By Becky Barton
When we met, I explained to you that I am shy. That’s my opening line every time I meet someone new. You joked that you’d “pull me outta that”, and I laughed as though I hadn’t heard those tired words a thousand times before.
You heard me laugh, and you laughed at one of my jokes. Suddenly, you decided I was making it up that I’m shy. You teased and berated me, in front of other friends. You dismissed my desperate attempt to open up to you and explain how it works, for me at least.
I turn to stone
So I kept my distance. I tried to observe your personality and learn the best way to communicate with you, because I wanted us to be friends. I always want people to be my friends. But I can’t just say that, like a “normal” person. The words transform into a river of bile in my throat. Fear turns me to useless stone.
I used to think I was lucky that no one ever noticed that. Everyone is always too busy laughing and talking. Like a wild animal hoping it’s camouflaged, blending in with its surroundings until the danger passes, I just stand frozen. No one even glances in my direction. Relief melts the paralyzing fear, and I slip away before someone notices movement in the shadows.
A cruel, mistaken verdict
Once I started hiding and refusing any interaction or conversation, you slammed down your horrible gavel. It punctuated your cruel, mistaken verdict. You expected your words to anger me, to elicit a reaction that, for whatever reason, was preferable to you than my awkward silence. But instead, all it did was break my heart and remind me why I have such trouble with the shyness. You became another sadistic face in the sea of medieval torturers that haunt my sleep. The sleep into which I cry myself those nights when another friendship connection lays waste to hope.
When I would not face or confront you, you drove wedges between me and the few people who had stuck around long enough for me to trust and feel love for. I had warmed up to them. Suddenly, everyone believed things about me too heinous for my skittish mind to comprehend. Such horrible things could not reside inside me. There’s no room; self-conscious paranoia fills even the smallest, invisible corners.
Will I become those things they hated in me?
Some of the people who came to see what you thought you saw eventually rekindled friendship with me. But most of those friendships are now cracked with distrust and guilt and constant fear. They will never be whole again, because my reassurance isn’t enough to take away the punishment these people inflict on themselves. They know they were cruel and callous at a time when I’ve never needed compassion and fellowship more.
I trust that they care for me, and that they didn’t mean any of the horrible things that were said. However, now I fear that I will become the things they briefly hated in me. I feel that, if those monsters were seen by people so close to me, even for a second, they must be lurking, waiting to spring and destroy those I love most.
How shy works
Please do not misunderstand me. I do not blame you! You didn’t know any better, and you only reacted and behaved the way YOU react and behave in those situations. You had no idea, and I was physically incapable of telling you. So, my apology to you is this: a better explanation of what shy is, and how it REALLY works.

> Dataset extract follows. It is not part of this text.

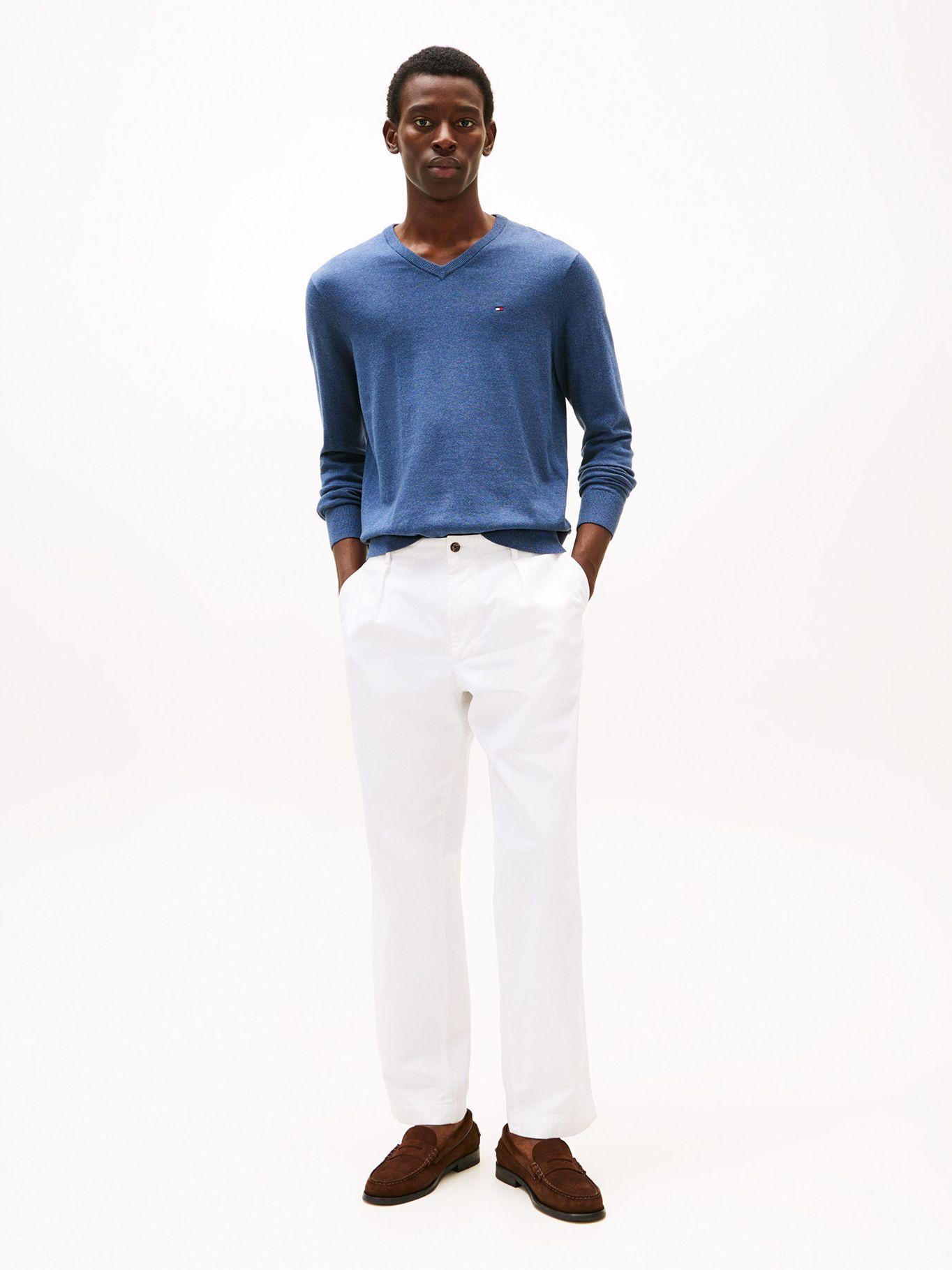 Sweater Básico Signature Neck DVI Celeste Tommy Hilfiger-1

That joke I told kept you from hearing my stomach churn as it tied itself into knots. My quick smile at your witty response hid the earthquake threatening to possess my lips. My long silences were my most sincere attempt to figure out how your mind works. To understand what makes you laugh, what makes you mad and, most of all, what would make us closer, faster.
My sudden disappearance was to avoid embarrassing you in front of your other friends when I started to cry in frightened, hysterical fits. And, by avoiding you just a little longer after that, I had hoped to finally give you the explanation you deserved, so I would be worthy of your attention and conversation.
You, however, thought I was just being lazy and selfish, and such people make you bitterly angry. I know, and I understand!
Remember when you tried to tell me how pretty you thought I was, and the dry comment with which I responded? I see now how that sounded very rude and snobby of me, but that was not at all my intention! That remark was the stampede that trampled on my dark opinions of my appearance and disposition. Your kind words made me blush, and I only wanted to keep you from thinking badly of me for … well, for thinking badly of myself.
I wish …
So, you see, I really do understand why you got that awful impression of me. I wish I could erase all those defence mechanism detonations. I wish I could rid myself of the petrified shell that needs those tools. Maybe someday I’ll learn, even if it’s with baby steps. Maybe it will get easier with time, and then I can show you what my few friends get to see. The person I can be once I’m sure I won’t frighten you away and I start warming up to you. But, in case I never get that chance, please know that I’m so sorry I made you feel that way about me.
I wish there was something more I could say, but what’s done is done.
For what it’s worth, though, I thought you were really cool, and a lot of fun, and I thought being friends with you would have been awesome!